Vogliamo parlare di numeri? L’Autorità Garante per l’infanzia a dicembre 2015 ha pubblicato “Disordiniamo!”, la prima analisi approfondita sulle risorse nazionali (solo a livello centrale non locale) destinate ai minori di 18 anni frutto di un monitoraggio su tutte le voci di spesa. Dallo studio, sviluppato sulle annualità 2012-15 emerge una forte frammentazione e complessità delle risorse e delle misure destinate all’infanzia. La stima finale della spesa al netto dei costi del personale (che nel caso della scuola ammonta a 40.000.000.000 di euro) è di 4.000.000.000 nel 2014 e 4.200.000.000 nel 2015, pari allo 0,2% del Pil, una quota esigua, pari a meno di 400 euro a minorenne. In Italia un bambino su dieci è in uno stato di povertà assoluta.
Nel 2014 circa il 3% dei bambini non disponeva di due paia di scarpe (di cui almeno uno utilizzabile in ogni stagione), il 6% non mangiava carne almeno una volta al giorno e non possedeva giochi a casa o da usare all’aria aperta, il 7% doveva rinunciare a festeggiare il compleanno, quasi il 10% non poteva indossare abiti nuovi o partecipare a gite scolastiche, il 30% non sapeva che cos’è una settimana di vacanza lontano da casa.
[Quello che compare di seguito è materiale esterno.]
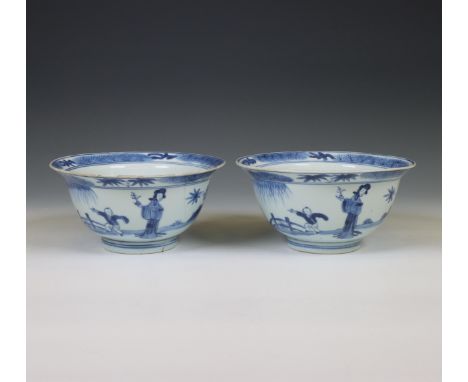 China, pair of blue and white porcelain bowls, Kangxi six-character marks and of the period (1662-1722), each decorated to th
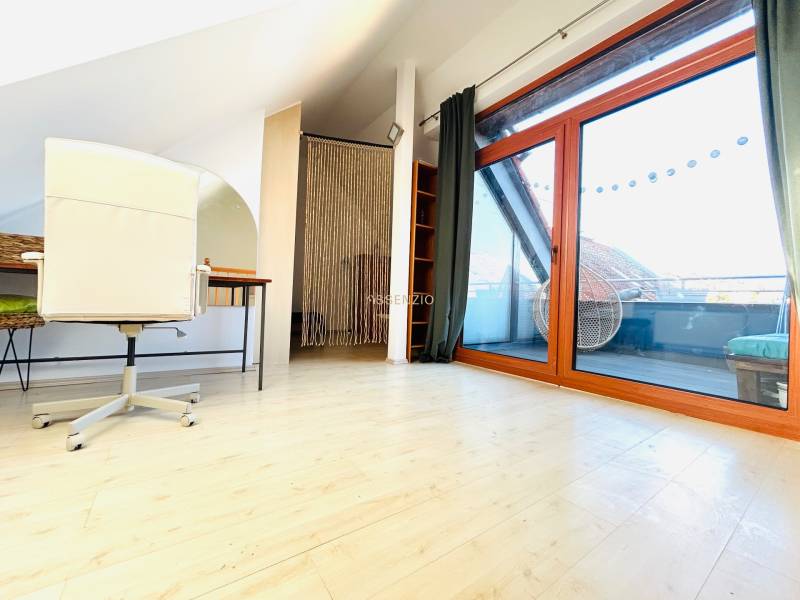 Dolgozószoba egy kétszobás lakásban, fa dekoros padlóval és erkélyajtóval.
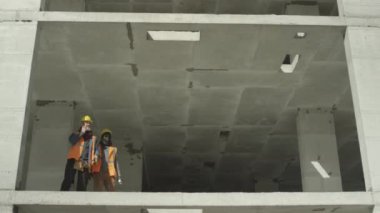 İki profesyonel mühendisin güvenlik yelekleri ve kasketleri ile bitmemiş çok katlı bir binanın beton bloğunun kenarında dikilip tartışırken çekilmesi zor bir ihtimal.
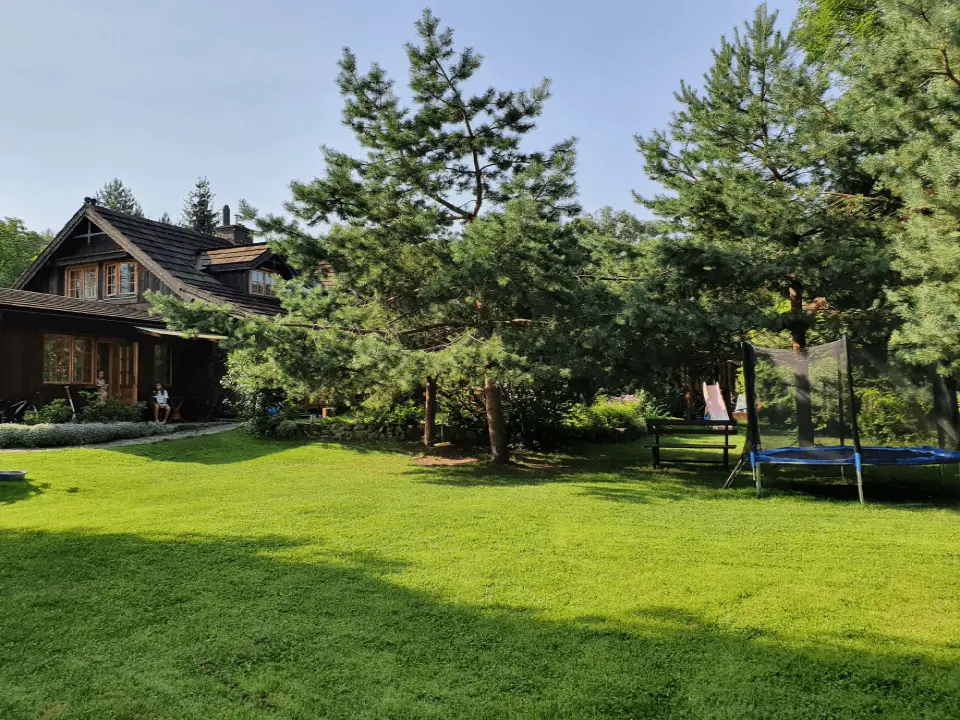 Wejście do karpackiego dworku od strony ogrodu oraz dwa rozłożone leżaki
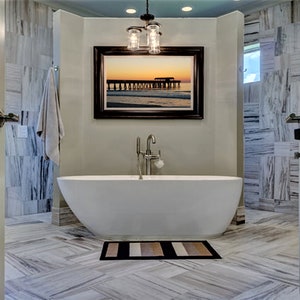 Puede incluir: Un ba&ntilde;o moderno con una ba&ntilde;era ovalada blanca, una foto enmarcada de un muelle al atardecer y una alfombra de ba&ntilde;o a rayas. Las paredes y el suelo presentan un patr&oacute;n similar al m&aacute;rmol. Se accede a la habitaci&oacute;n a trav&eacute;s de dos puertas blancas abiertas.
Vogliamo parlare di storie? A Monreale, dove per ora vivo la maggior parte del mio tempo facendo il maestro di strada, Stefania (nome di fantasia) da giorni mi tempesta di messaggi perché ha bisogno di venti euro per comprare una bombola di gas per cucinare un piatto di pasta per i figli. I bambini che incontro ogni giorno spesso non hanno nemmeno i libri di scuola. Le case di queste persone spesso sono monolocali umidi e minuscoli dove vivono in quattro/cinque. Sono bambini che pur essendo a due passi dal mare non sono mai andati in spiaggia, mai in vacanza.

Vogliamo parlare anche di chi non è in condizione di assoluta povertà. Sì, facciamolo. Di che diritti vogliamo parlare se un giorno sì e l’altro sì crolla qualche soffitto a scuola? Ma c’è di più. Nella nostra società sembra che i nostri bambini solo per il fatto che possono andare a scuola, che possono studiare hanno acquisito tutti i diritti. Non è così.

La nostra è una scuola degli adulti (non dei grandi… chi è davvero grande?), dove presidi e insegnanti decidono tutto per i bambini. Il diritto di giocare, non esiste. Pensate alla ricreazione: i bambini nemmeno hanno diritto di potersi fermare quando sono stanchi ma sono gli altri a decidere che l’intervallo dev’essere fatto a metà mattinata e dev’essere di dieci minuti. Ancora oggi i bambini subiscono umiliazioni con note e castighi come se fossimo ancora nei primi anni del Novecento. Una scuola che ancora oggi alla primaria boccia: più di 11mila bambini ogni anno. Una scuola dove valgono solo i voti.

L’altro giorno un mio ex alunno oggi alle medie mi ha scritto: “Maestro prima di incontrare te facevo schifo”. Cosa ho fatto di tanto straordinario? Anziché dargli un voto gli ho dato fiducia riuscendo ad appassionarlo allo studio. Riuscendo in questo modo a conquistare insieme a lui il diritto all’istruzione che non è semplicemente mettere il piede a scuola.